┌──
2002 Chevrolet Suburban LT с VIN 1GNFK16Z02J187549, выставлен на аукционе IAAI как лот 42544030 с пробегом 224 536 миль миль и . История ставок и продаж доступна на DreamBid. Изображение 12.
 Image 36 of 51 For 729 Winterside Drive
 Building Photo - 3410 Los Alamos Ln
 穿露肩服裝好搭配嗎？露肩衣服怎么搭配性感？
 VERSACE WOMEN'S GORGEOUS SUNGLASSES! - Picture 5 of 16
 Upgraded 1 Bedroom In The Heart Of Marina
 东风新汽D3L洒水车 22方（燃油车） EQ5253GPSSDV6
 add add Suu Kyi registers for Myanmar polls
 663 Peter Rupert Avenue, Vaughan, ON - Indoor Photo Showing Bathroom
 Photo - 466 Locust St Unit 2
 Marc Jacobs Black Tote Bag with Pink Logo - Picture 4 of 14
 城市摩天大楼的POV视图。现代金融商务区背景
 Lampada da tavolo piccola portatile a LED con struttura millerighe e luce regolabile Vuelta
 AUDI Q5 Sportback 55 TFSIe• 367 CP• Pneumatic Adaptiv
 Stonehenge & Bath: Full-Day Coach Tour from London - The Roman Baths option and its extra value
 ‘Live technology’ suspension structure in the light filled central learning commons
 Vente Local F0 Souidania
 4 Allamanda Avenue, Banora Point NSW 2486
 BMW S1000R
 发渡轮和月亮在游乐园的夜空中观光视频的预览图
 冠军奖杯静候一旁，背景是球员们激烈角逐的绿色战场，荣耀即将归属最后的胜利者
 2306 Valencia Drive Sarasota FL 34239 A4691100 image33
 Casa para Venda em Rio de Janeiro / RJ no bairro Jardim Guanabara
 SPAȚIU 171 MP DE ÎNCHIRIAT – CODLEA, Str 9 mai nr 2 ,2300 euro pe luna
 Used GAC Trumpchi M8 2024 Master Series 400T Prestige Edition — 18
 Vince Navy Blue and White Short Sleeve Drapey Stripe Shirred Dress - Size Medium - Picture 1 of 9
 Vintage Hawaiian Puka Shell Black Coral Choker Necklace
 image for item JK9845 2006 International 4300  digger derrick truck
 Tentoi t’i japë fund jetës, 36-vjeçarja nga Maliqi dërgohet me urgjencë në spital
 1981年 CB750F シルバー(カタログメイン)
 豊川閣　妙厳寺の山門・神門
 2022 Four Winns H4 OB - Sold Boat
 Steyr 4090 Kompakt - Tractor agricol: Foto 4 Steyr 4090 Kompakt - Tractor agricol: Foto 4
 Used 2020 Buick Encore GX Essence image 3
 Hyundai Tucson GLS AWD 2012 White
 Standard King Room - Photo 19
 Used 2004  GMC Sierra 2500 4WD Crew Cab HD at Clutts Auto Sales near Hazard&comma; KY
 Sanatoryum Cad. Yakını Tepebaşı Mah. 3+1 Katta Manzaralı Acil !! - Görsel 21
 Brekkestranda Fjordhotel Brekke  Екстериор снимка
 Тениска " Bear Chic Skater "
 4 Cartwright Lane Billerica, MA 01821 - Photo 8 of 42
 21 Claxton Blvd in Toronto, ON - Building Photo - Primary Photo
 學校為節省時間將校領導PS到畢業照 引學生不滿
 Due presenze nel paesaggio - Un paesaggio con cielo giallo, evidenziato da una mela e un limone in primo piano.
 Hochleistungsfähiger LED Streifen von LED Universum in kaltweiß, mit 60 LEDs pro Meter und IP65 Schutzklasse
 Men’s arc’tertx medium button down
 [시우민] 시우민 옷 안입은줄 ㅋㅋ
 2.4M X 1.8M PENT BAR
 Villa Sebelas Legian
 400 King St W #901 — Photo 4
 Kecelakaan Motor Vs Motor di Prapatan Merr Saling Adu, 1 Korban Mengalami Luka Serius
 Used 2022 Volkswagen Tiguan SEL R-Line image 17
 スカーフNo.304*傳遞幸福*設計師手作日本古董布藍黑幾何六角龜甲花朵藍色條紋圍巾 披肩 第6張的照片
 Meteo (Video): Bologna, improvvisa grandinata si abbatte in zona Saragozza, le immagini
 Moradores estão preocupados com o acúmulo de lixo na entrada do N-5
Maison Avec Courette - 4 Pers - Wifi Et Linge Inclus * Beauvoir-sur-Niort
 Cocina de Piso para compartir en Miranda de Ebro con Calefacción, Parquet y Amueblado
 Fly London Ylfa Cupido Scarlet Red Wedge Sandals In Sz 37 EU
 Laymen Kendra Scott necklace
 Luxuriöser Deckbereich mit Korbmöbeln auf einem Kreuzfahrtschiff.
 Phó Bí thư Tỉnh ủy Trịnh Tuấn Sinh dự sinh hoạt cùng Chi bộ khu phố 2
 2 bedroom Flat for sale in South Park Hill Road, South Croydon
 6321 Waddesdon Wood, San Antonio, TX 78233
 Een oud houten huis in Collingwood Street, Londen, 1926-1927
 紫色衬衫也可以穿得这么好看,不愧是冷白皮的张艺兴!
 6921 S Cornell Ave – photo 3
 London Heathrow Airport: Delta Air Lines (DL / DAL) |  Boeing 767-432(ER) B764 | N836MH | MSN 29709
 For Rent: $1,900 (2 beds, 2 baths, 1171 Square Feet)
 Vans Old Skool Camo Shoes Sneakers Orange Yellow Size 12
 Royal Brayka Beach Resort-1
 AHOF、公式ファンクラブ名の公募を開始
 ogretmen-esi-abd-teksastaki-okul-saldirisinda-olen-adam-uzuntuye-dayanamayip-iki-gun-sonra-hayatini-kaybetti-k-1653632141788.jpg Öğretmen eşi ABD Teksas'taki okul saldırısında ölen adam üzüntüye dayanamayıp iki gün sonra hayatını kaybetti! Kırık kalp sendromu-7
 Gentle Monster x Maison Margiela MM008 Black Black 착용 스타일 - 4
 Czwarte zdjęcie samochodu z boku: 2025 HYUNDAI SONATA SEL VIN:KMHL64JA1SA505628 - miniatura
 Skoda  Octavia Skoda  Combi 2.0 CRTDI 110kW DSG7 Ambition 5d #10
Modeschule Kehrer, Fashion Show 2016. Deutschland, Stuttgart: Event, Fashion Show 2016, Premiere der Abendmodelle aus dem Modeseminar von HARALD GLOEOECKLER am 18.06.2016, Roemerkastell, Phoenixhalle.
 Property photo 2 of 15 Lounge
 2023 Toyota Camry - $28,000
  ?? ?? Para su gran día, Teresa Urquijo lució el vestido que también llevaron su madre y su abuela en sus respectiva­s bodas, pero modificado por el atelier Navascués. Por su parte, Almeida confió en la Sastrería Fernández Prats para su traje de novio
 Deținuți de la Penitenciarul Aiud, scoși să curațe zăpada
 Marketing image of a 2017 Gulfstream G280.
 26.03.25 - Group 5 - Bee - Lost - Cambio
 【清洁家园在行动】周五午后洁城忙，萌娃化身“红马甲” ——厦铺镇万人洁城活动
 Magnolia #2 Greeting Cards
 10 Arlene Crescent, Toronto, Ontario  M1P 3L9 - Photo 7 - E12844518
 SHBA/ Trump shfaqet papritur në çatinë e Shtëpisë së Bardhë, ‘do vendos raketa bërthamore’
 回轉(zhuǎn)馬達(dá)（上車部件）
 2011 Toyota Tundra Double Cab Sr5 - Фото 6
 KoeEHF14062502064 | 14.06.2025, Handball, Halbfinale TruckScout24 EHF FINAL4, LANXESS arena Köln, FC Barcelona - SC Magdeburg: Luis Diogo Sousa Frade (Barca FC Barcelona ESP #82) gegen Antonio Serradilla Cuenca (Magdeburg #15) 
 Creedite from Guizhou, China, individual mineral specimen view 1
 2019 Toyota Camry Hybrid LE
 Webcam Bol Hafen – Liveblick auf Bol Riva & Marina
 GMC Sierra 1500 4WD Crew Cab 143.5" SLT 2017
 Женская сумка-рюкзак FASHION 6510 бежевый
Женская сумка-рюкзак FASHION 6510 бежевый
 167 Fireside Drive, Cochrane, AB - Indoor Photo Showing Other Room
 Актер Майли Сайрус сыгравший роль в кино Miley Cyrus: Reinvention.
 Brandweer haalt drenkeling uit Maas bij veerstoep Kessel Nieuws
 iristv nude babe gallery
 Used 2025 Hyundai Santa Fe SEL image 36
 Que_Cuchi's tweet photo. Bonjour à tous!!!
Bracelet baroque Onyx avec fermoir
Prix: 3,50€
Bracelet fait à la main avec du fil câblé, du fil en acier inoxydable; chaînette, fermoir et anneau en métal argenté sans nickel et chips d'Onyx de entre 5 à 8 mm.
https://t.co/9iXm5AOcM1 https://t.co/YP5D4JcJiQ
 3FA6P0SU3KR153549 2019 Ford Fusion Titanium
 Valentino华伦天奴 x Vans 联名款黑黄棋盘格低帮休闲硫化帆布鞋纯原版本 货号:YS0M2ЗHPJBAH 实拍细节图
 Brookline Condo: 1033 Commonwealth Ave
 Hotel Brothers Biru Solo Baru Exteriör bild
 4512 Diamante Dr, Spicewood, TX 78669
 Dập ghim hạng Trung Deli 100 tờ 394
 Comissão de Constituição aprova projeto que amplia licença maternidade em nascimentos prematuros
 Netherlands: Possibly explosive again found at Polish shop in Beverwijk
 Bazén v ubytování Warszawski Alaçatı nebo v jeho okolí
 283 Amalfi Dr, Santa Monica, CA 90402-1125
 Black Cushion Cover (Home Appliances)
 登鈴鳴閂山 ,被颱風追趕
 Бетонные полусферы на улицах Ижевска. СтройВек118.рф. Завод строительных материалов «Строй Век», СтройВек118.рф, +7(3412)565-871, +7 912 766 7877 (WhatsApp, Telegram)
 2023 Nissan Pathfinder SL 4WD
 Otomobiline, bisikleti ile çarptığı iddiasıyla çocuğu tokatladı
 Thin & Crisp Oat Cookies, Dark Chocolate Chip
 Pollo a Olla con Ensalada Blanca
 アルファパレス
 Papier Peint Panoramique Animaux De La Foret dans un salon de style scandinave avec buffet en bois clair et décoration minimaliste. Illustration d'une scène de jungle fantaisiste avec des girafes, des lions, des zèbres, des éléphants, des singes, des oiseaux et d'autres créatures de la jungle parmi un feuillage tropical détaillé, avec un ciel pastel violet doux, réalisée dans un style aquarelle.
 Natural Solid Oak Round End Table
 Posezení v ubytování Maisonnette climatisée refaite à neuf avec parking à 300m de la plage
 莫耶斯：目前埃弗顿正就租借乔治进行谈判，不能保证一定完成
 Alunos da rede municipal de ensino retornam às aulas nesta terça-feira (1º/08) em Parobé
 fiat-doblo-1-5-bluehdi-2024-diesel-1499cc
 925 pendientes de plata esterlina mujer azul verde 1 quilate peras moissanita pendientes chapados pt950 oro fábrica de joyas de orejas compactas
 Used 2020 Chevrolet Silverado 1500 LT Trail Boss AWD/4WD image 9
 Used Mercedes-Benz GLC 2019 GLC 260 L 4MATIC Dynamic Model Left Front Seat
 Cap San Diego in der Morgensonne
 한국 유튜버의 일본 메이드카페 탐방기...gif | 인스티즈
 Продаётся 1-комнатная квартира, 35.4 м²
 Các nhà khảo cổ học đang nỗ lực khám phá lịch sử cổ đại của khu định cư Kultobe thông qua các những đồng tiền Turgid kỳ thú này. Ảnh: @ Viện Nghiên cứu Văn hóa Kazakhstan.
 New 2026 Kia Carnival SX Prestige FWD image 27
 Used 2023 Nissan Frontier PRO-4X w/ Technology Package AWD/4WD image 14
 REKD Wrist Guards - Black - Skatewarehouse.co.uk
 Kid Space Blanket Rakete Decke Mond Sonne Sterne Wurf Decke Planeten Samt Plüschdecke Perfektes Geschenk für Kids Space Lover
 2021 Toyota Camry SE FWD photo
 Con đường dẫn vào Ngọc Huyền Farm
└──
In the listing above, show every line with the word "Indoor".

- _OUTPUT OF THE EXERCISE_
 663 Peter Rupert Avenue, Vaughan, ON - Indoor Photo Showing Bathroom
 167 Fireside Drive, Cochrane, AB - Indoor Photo Showing Other Room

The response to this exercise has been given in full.